I like to think of reasons why something is a bad idea, as sort of proof by contradiction, if you will. The long case for Qualcomm (NASDAQ:QCOM) is so obvious that anybody can understand it:
- They make the chips that go into almost every modern smartphone.
- They collect a hefty set of license fees from their vast patent portfolio spanning almost everything related to modern wireless communications.
- They're growing at a 20%+ clip year-over-year.
- They're highly profitable.
- Their balance sheet is as pristine as it gets (no debt, $28B in cash).
I have no idea why people sell this stock off whenever Apple (NASDAQ:AAPL) sneezes, nor do I understand what negatives anybody could possibly come up with respect to this company:
- Valuation? Nope. EPS is growing like crazy, and at this rate, the company is on track to become the most profitable semiconductor company in the world. Based on the raised full-year estimates, Qualcomm trades at a mere 18x earnings.
- Competitive position? Nope. No other company has viable 4G smartphone solutions shipping today. While competition may come during late 2013/early 2014, the market itself is in very strong secular growth.

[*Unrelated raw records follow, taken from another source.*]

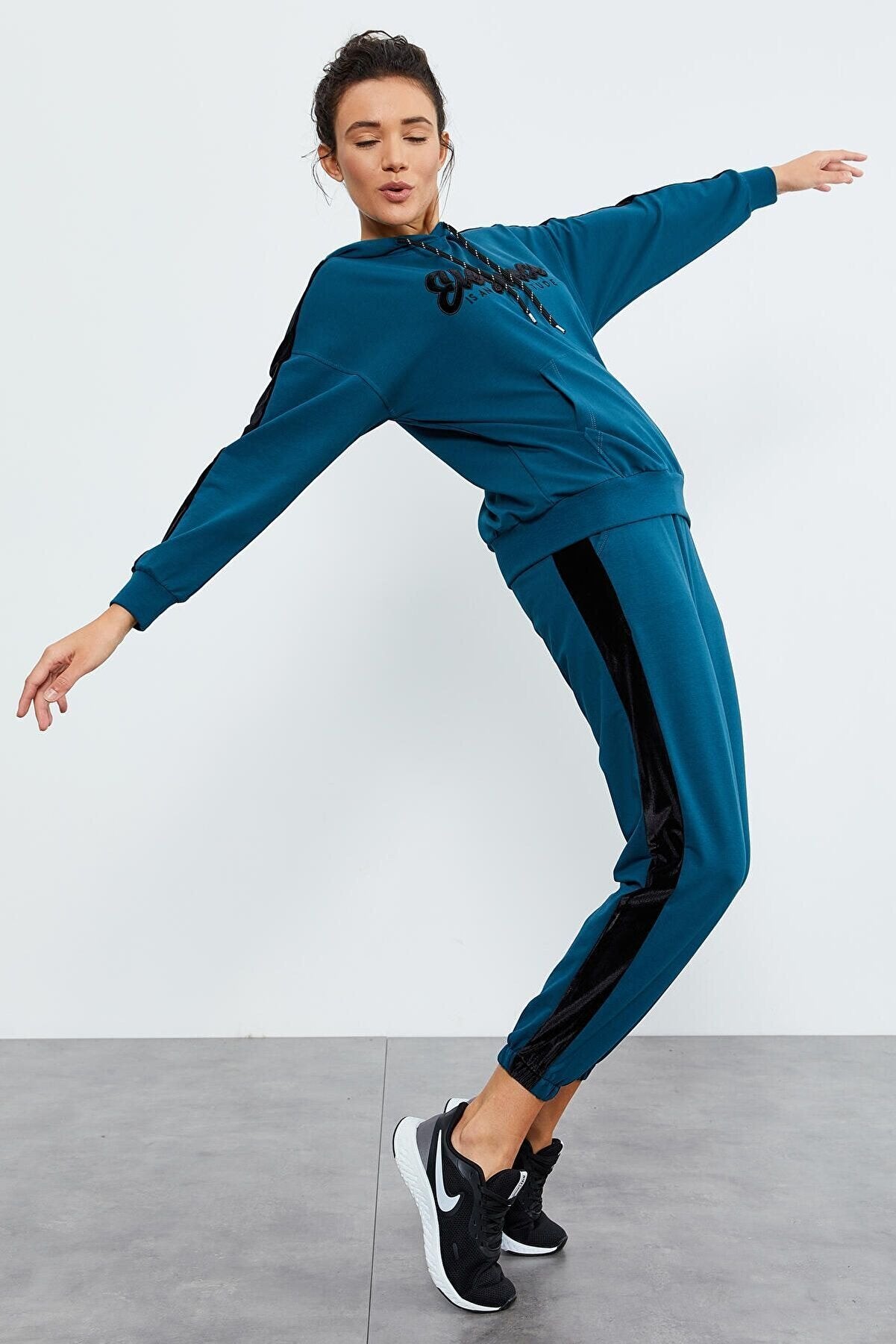 Emerald velvet tracksuit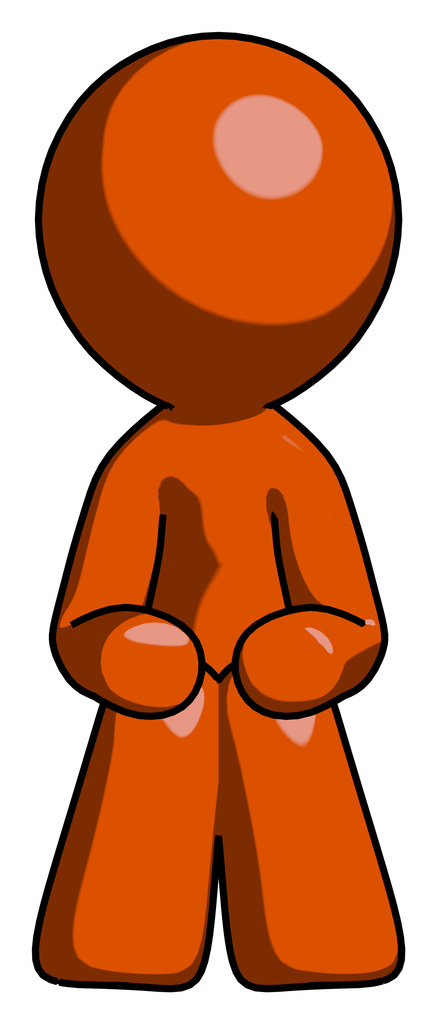 Orange Design Mascot Man squatting facing front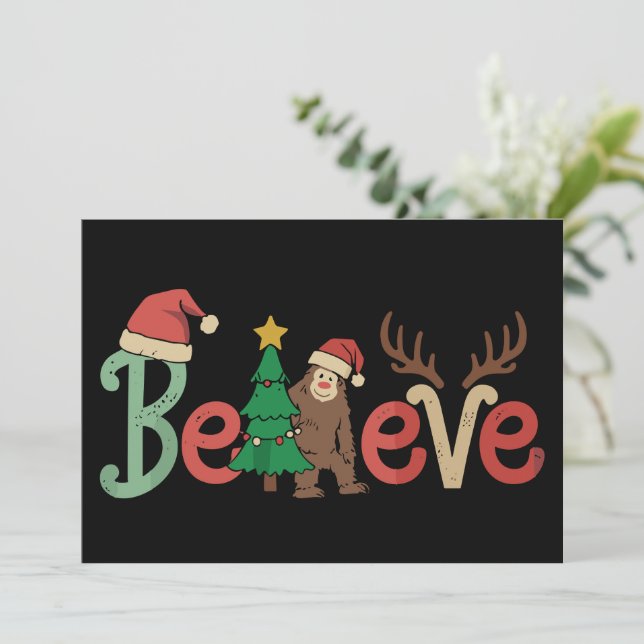 Tro Bigfoot Sasquatch Tomte Ren Jul Julkort (Stående Fram)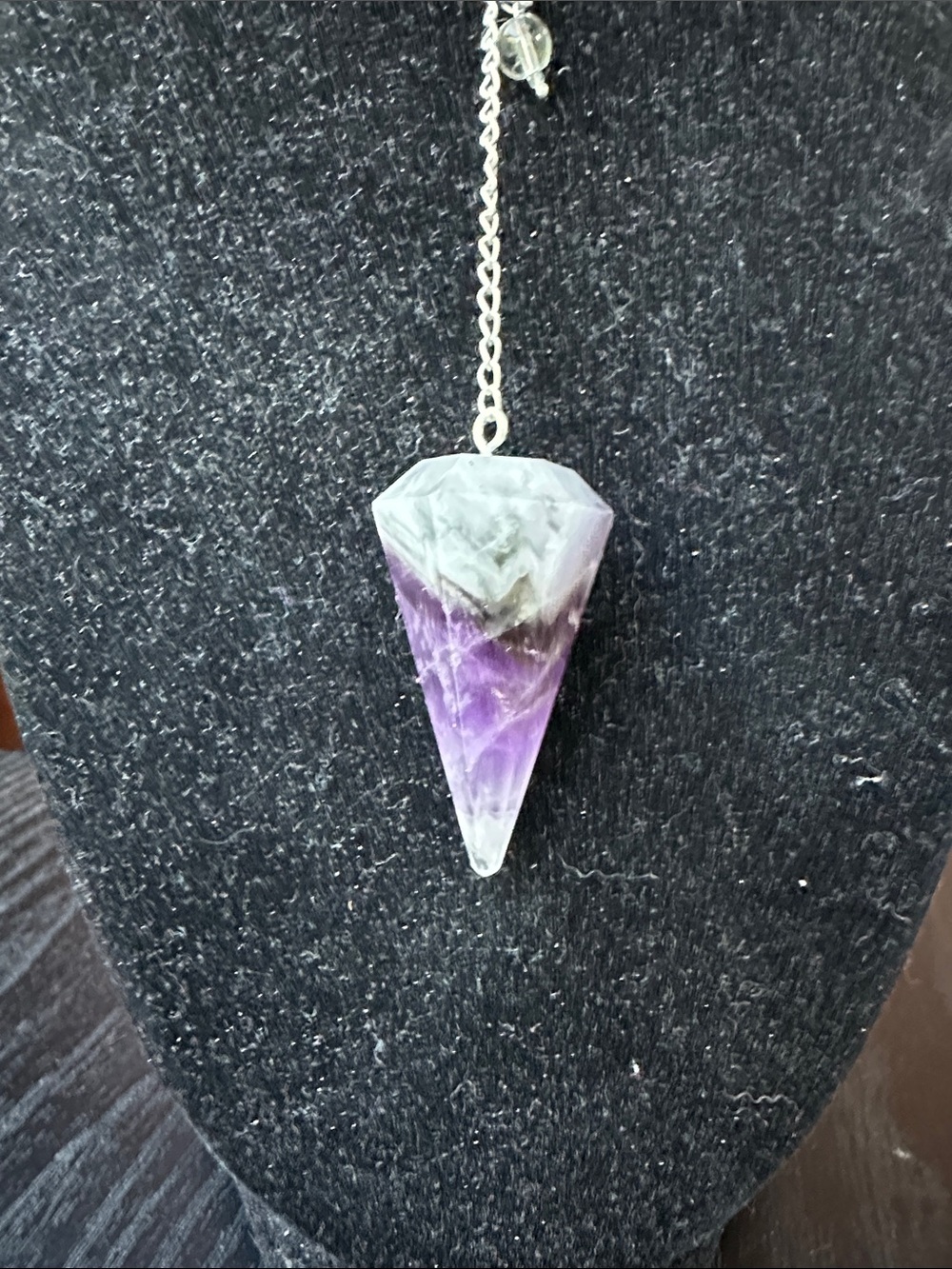 Amethyst Chevron Point Pendant NWOT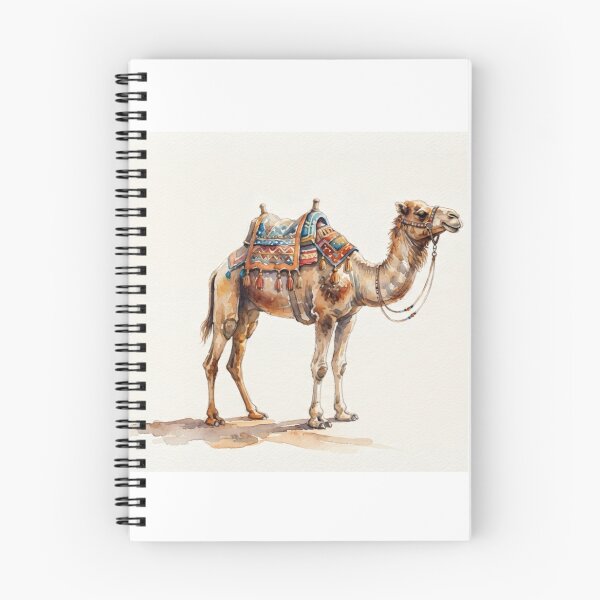 Item preview, Desert Wanderer - Arabian Camel Watercolor with saddle and background designed and sold by Fananaa.
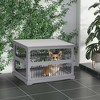 PawHut Dog Crate Furniture Decorative Cage Kennel with Strong Construction Materials & a Classic Americana Style, Gray - 2 of 4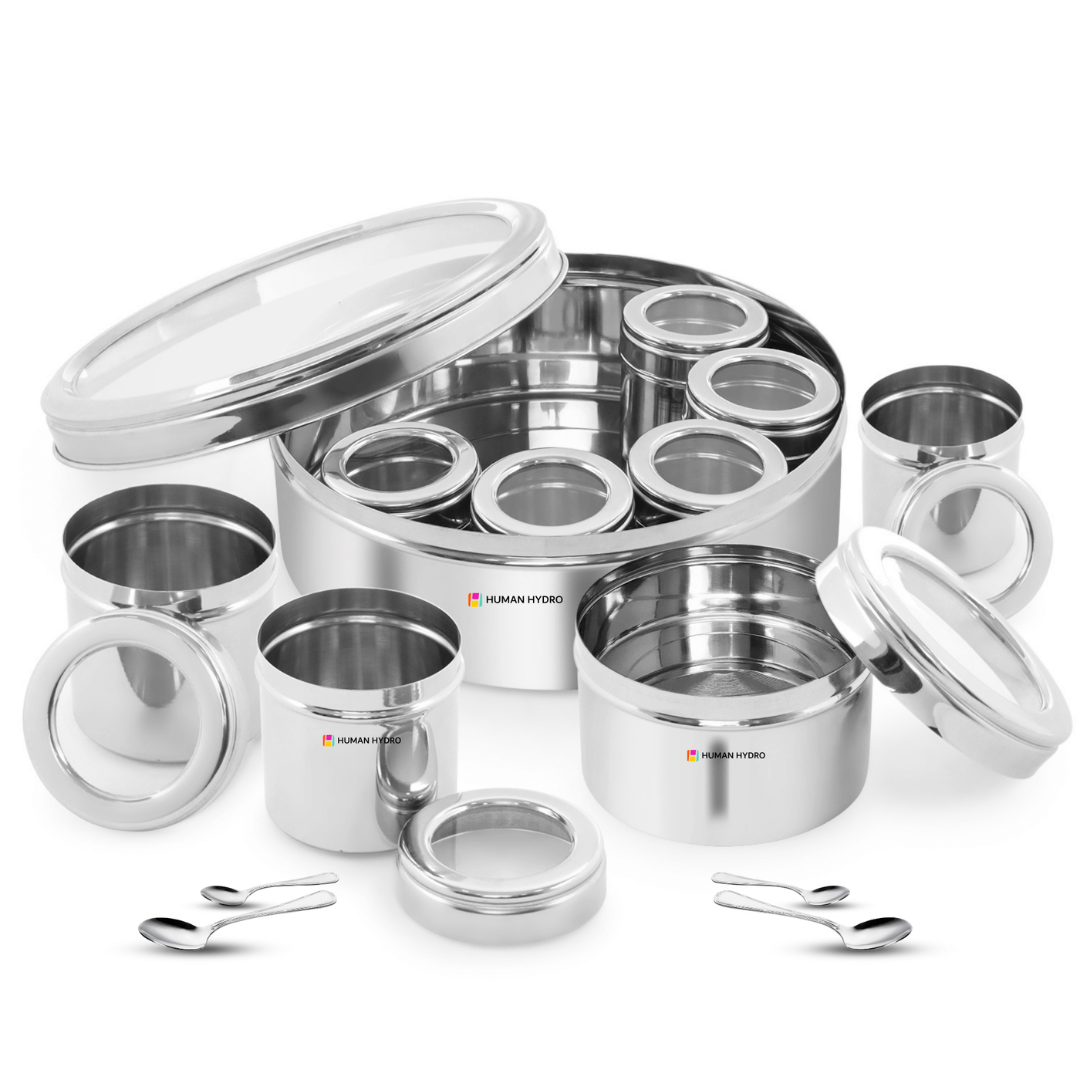 9-in-1 Stainless Steel Masala Dabba with see-through lid and mini containers for spice organization.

- Low quality growth? Nope. This company is growing revenues and earnings by dominating a secular growth market. Margins are excellent, R&D spend is appropriate to maintain a strong competitive position, and it is significantly ahead of any of its competitors in terms.
- Tied to Apple? Please. This company supplies all of Apple's competitors, and likely ships more silicon to those competitors than it does to Apple. If an HTC phone steals market share from Apple, then odds are Qualcomm is providing both the modem and apps processor, making even more money than it would if Apple had gotten that order.
Qualcomm smacked the midpoint of its EPS guidance of $0.94/share in the face by reporting $1.09/share, a 16% beat. The company also raised full-year guidance from $23B - $24B to $23.4B - $24.4B in sales, and expect to do $3.61 - $3.81 in non-GAAP EPS. This means that at current prices, the stock trades at a mere 18x forward GAAP earnings for Amazon (NASDAQ:AMZN)-like topline growth!
In short, Qualcomm nailed it.
Right now, Qualcomm runs unopposed in 4G LTE baseband hardware sales, which has led to the healthy adoption of its Snapdragon S4 processors. While I believe Qualcomm will be the market leader for all of 2013 and for the majority of 2014, the competition to this near monopoly will be present from the likes of Broadcom (BRCM), Nvidia (NASDAQ:NVDA), Intel (NASDAQ:INTC), and others by the middle of 2014. Qualcomm will, by definition, lose market share. But will this market share loss slow or even reverse growth? Probably not, since the market itself is expanding at such a rapid clip over the next several years, but it's something to keep in mind. Watch the numbers next year.
But for now, Qualcomm investors have something really exciting in their portfolios, and I believe that there is no reason for anybody to sell today. A beat-and-raise is rare in this terrible macroeconomic environment, and that goes double for semiconductors. This company is one of the strongest, most well-managed firms out there, and it is a key player in one of the most explosive secular growth stories out there.
The odds are good that if you own Qualcomm, you're sitting on some nice capital gains. Enjoy them, and know that there's plenty more to come from this juggernaut.
Disclosure: I am long QCOM, NVDA, INTC. I wrote this article myself, and it expresses my own opinions. I am not receiving compensation for it (other than from Seeking Alpha). I have no business relationship with any company whose stock is mentioned in this article.